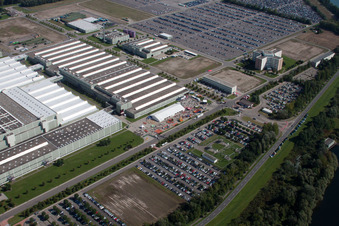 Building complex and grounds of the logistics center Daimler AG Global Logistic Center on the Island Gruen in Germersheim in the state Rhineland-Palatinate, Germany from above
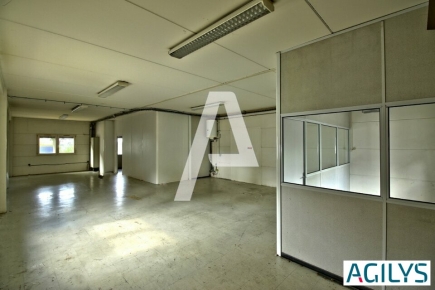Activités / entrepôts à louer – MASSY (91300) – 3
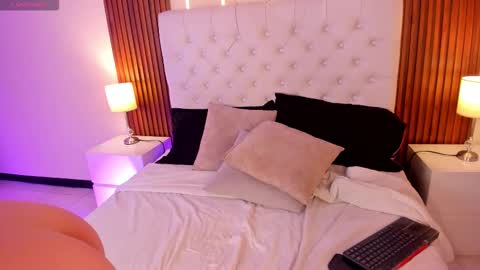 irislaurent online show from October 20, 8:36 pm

┄┄┄┄┄┄┄┄┄┄┄┄┄┄┄┄┄┄┄┄

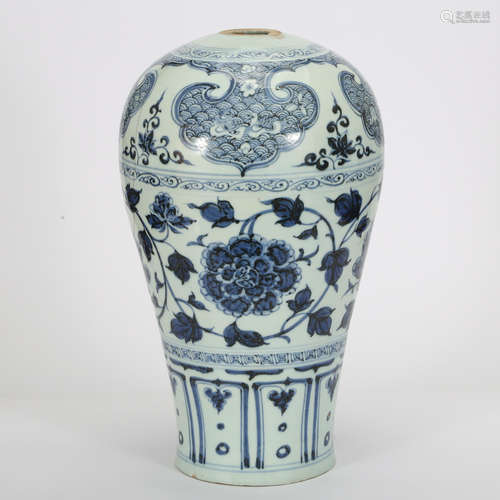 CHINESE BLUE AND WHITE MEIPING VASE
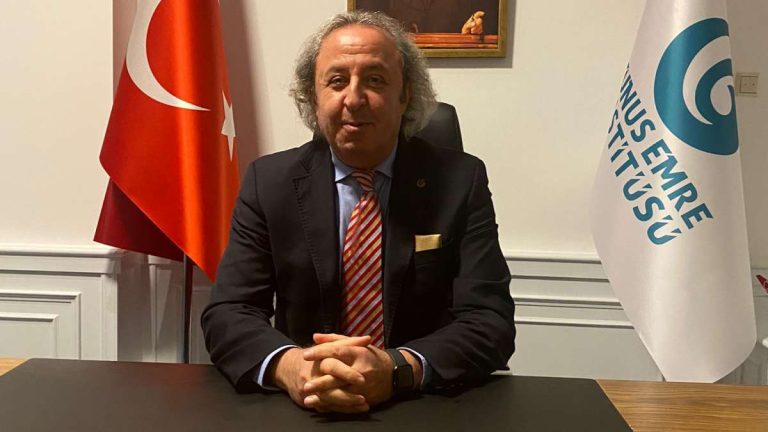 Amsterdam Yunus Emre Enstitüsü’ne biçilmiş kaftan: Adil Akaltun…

┄┄┄┄┄┄┄┄┄┄┄┄┄┄┄┄┄┄┄┄

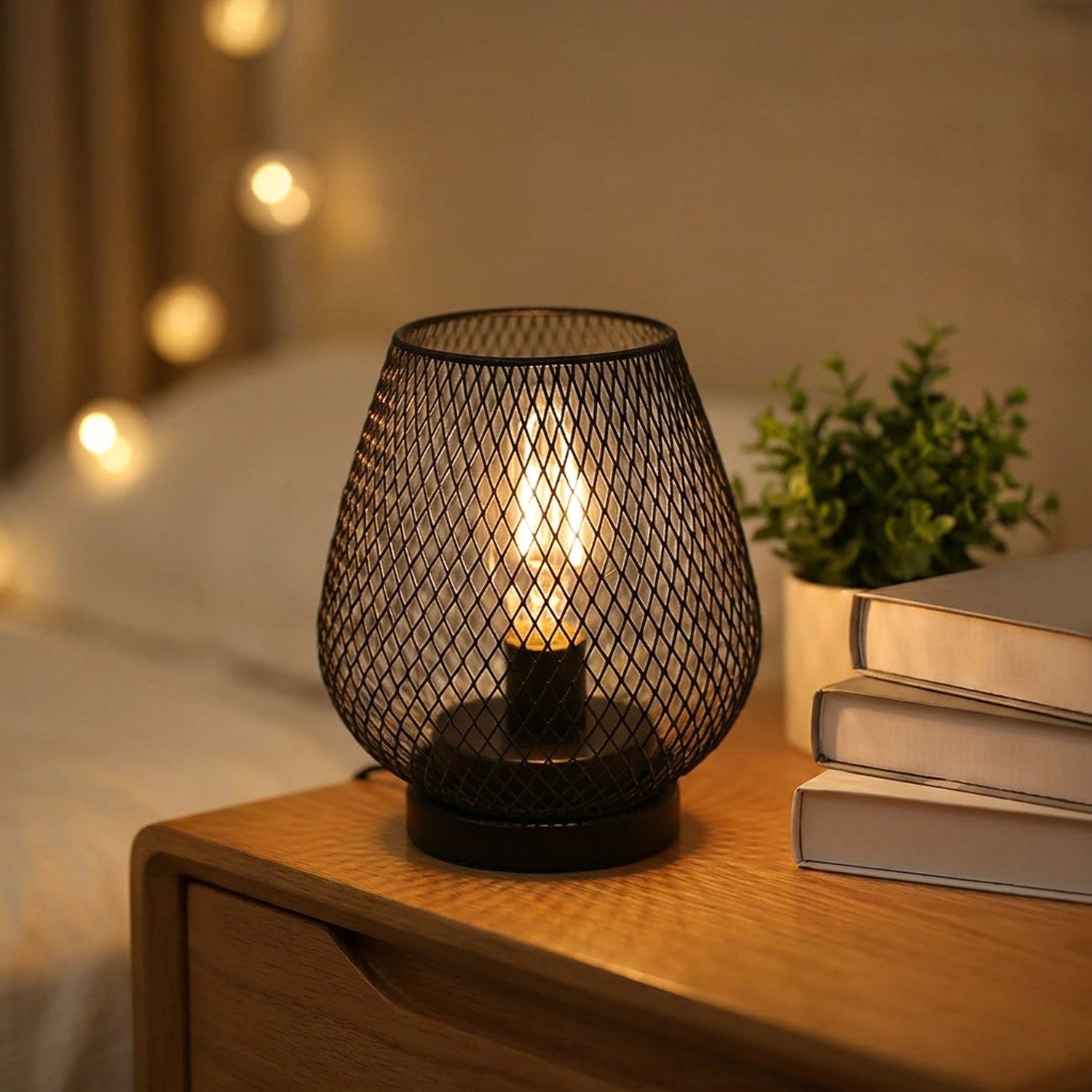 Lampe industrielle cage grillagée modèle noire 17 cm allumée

┄┄┄┄┄┄┄┄┄┄┄┄┄┄┄┄┄┄┄┄

- What you will do
Restate word for word the lines of the data above that begin at the line with "Activités / entrepôts" and end at the line with "irislaurent online show", keeping both ends and dropping every picture.

- Answer box
Activités / entrepôts à louer – MASSY (91300) – 3
 irislaurent online show from October 20, 8:36 pm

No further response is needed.